[Work order] Pictures aside, reproduce exactly each line from the one holding "The Mysterious Mummified" through the last line of the material, both ends included.

[Records for this task]
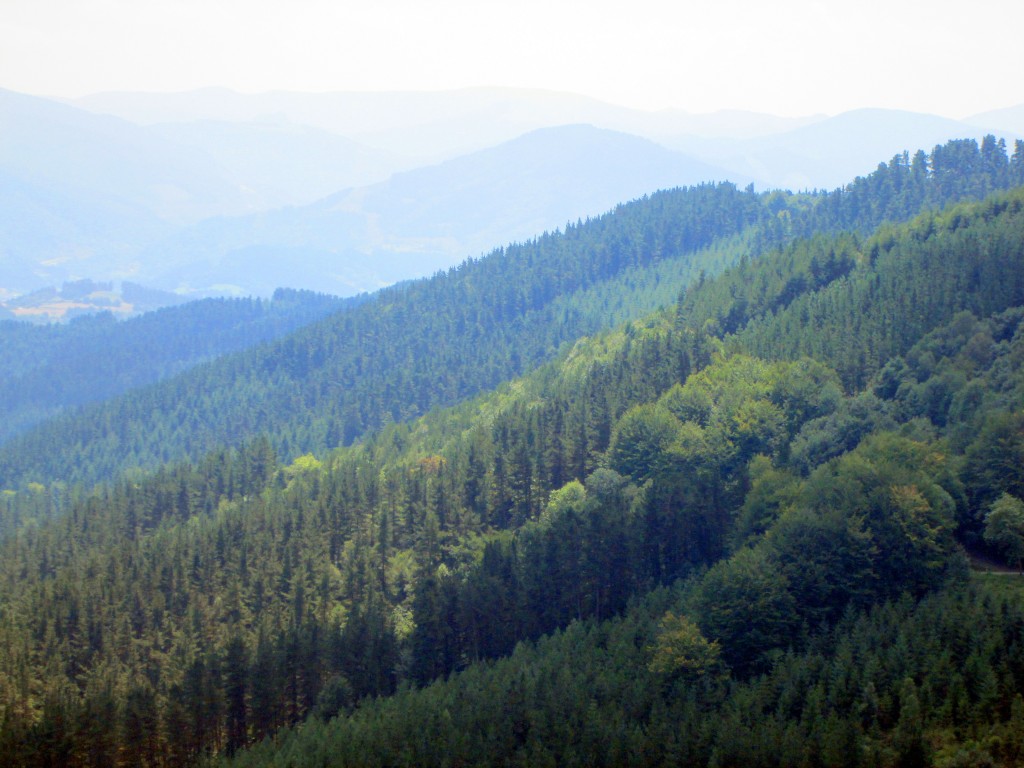 Foto de Mandubia (Gipuzkoa), España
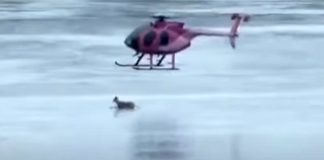 Helicopter Rescues Doe and Fawn on Thin Ice Helicopter Rescues Doe and Fawn on Thin Ice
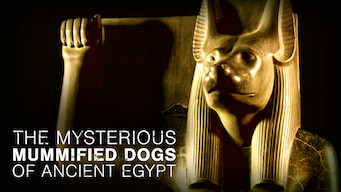 The Mysterious Mummified Dogs of Ancient Egypt (2019)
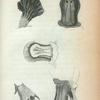 Beak and feet of the Platypus of their Natural size.
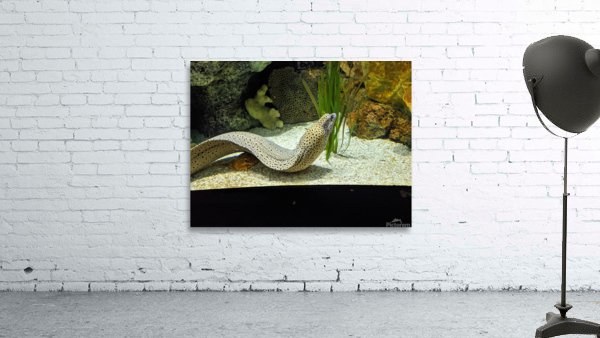 Yellow Eel Wall Preview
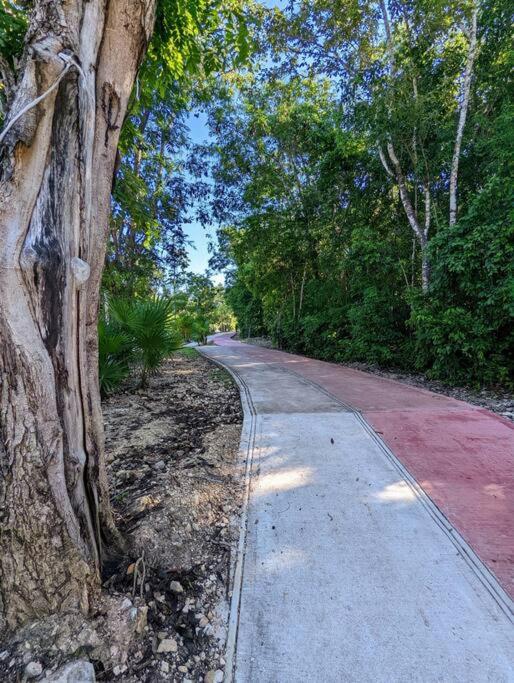 Beautiful 4BR, Up to 8 Guests, Private Pool, 10 min to Beach - Four-Bedroom House - 48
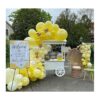 OUOshield Kit de arco de guirnalda de globos amarillos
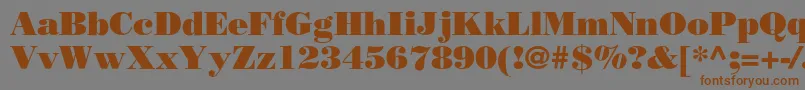 Borjomiblackc Font – Brown Fonts on Gray Background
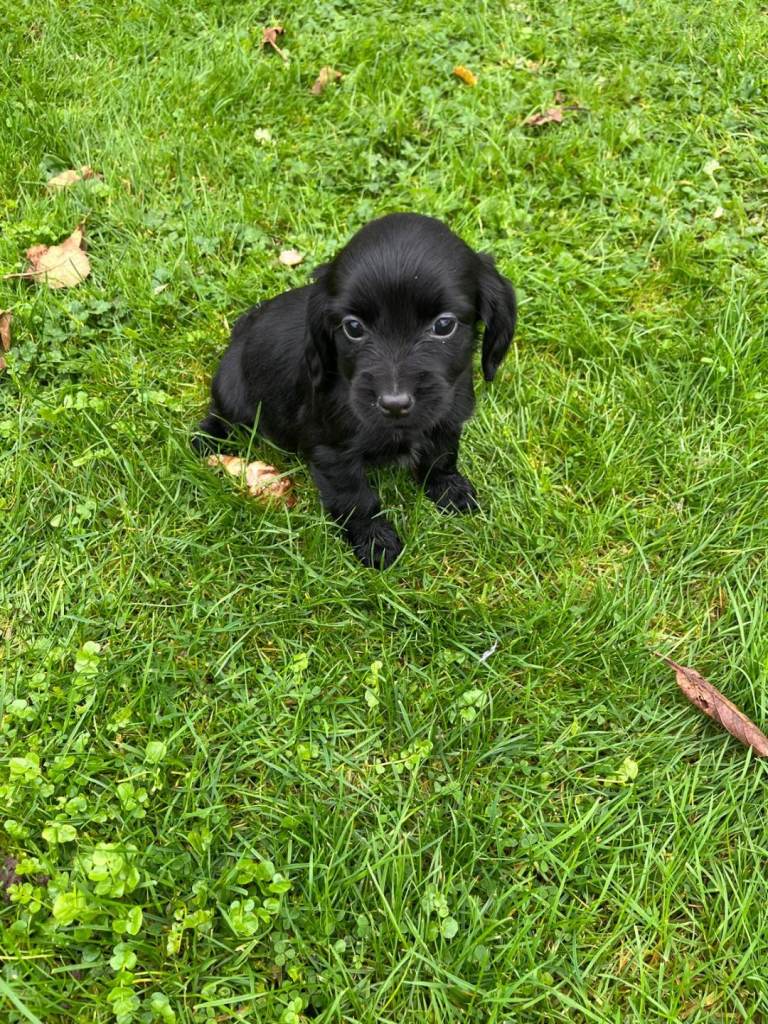 Cocker spaniel pups kc registered | in Dungannon, County Tyrone | Gumtree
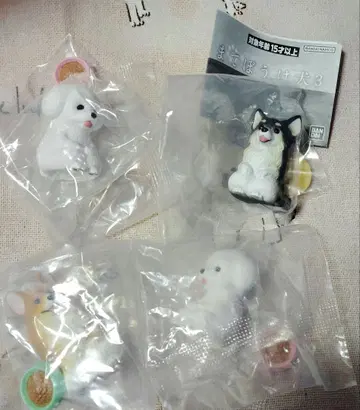 기다려 멍멍이 3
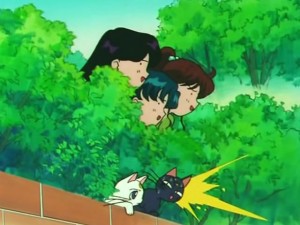 screenshot-anime-sailor-moon-s-episode-109-202.jpg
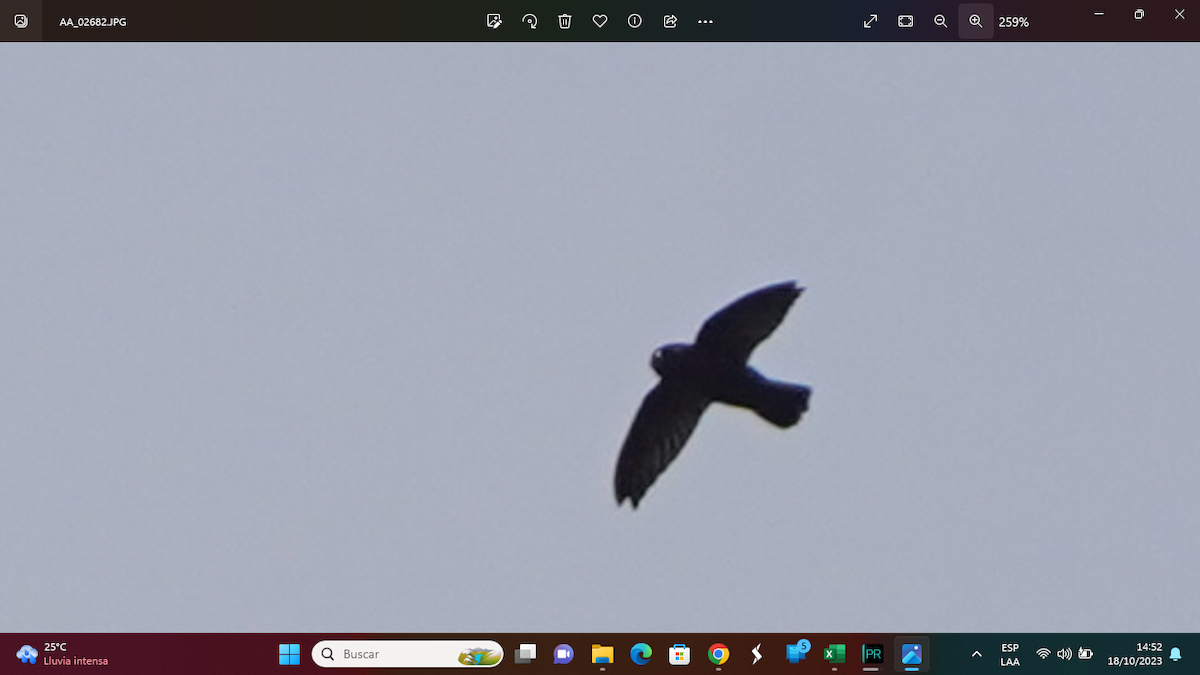 Spot-fronted Swift - Guillermo  Saborío Vega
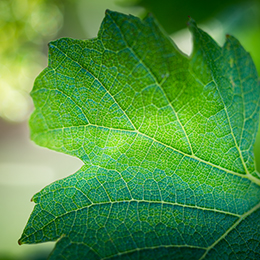 Une feuille de Chardonnay - BIVB / Michel Joly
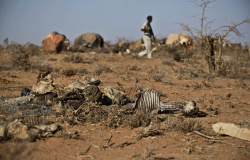 Impact of drought in Somaliland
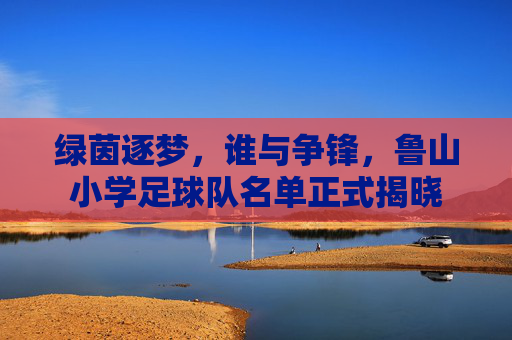 绿茵逐梦，谁与争锋，鲁山小学足球队名单正式揭晓
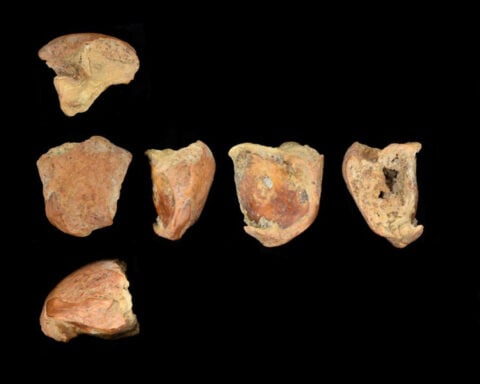 Neanderthal murder mystery reveals a tale of violence and compassion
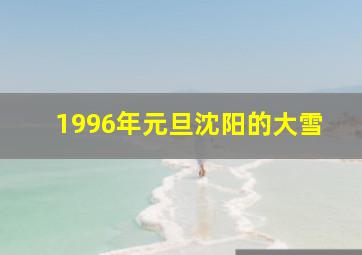 1996年元旦沈阳的大雪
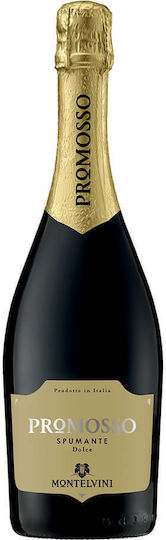 Montelvini Wine Spumante Dolce Muscat White Sweet Semi-Sparkling 750ml
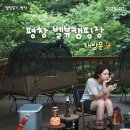 펜션벨뷰캠핑장 | 강원도 계곡 캠핑장 추천, 전 사이트 그늘존 벨뷰 캠핑장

[Result]
 The Mysterious Mummified Dogs of Ancient Egypt (2019)
 Beak and feet of the Platypus of their Natural size.
 Yellow Eel Wall Preview
 Beautiful 4BR, Up to 8 Guests, Private Pool, 10 min to Beach - Four-Bedroom House - 48
 OUOshield Kit de arco de guirnalda de globos amarillos
 Borjomiblackc Font – Brown Fonts on Gray Background
 Cocker spaniel pups kc registered | in Dungannon, County Tyrone | Gumtree
 기다려 멍멍이 3
 screenshot-anime-sailor-moon-s-episode-109-202.jpg
 Spot-fronted Swift - Guillermo  Saborío Vega
 Une feuille de Chardonnay - BIVB / Michel Joly
 Impact of drought in Somaliland
 绿茵逐梦，谁与争锋，鲁山小学足球队名单正式揭晓
 Neanderthal murder mystery reveals a tale of violence and compassion
 1996年元旦沈阳的大雪
 Montelvini Wine Spumante Dolce Muscat White Sweet Semi-Sparkling 750ml
 펜션벨뷰캠핑장 | 강원도 계곡 캠핑장 추천, 전 사이트 그늘존 벨뷰 캠핑장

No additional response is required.